■ Exercise description ■
Your answer must be an exact transcription of the lines from the line with "JessicaRahhal's tweet image." through the final line of the data.

(Records from a collection)
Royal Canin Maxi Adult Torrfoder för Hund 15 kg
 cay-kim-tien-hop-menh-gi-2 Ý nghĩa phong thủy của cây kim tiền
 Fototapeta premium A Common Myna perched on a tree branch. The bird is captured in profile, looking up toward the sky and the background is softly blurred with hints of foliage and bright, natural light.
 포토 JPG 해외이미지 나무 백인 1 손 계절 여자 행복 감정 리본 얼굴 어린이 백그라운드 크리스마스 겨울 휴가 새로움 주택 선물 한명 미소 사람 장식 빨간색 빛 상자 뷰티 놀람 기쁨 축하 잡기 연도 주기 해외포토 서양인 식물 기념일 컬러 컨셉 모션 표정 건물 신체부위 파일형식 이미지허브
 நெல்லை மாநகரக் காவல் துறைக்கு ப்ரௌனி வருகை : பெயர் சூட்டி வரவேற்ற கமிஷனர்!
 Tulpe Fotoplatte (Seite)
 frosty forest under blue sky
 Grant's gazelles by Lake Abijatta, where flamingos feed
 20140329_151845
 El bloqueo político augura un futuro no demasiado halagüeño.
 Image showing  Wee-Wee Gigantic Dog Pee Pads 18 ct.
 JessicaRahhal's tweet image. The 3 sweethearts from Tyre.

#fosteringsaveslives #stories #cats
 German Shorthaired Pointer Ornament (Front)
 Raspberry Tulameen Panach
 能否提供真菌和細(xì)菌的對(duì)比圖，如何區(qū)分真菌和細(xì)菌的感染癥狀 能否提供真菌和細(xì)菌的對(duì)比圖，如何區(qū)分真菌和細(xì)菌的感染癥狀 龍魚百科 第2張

■ Solution to the problem ■
 JessicaRahhal's tweet image. The 3 sweethearts from Tyre.

#fosteringsaveslives #stories #cats
 German Shorthaired Pointer Ornament (Front)
 Raspberry Tulameen Panach
 能否提供真菌和細(xì)菌的對(duì)比圖，如何區(qū)分真菌和細(xì)菌的感染癥狀 能否提供真菌和細(xì)菌的對(duì)比圖，如何區(qū)分真菌和細(xì)菌的感染癥狀 龍魚百科 第2張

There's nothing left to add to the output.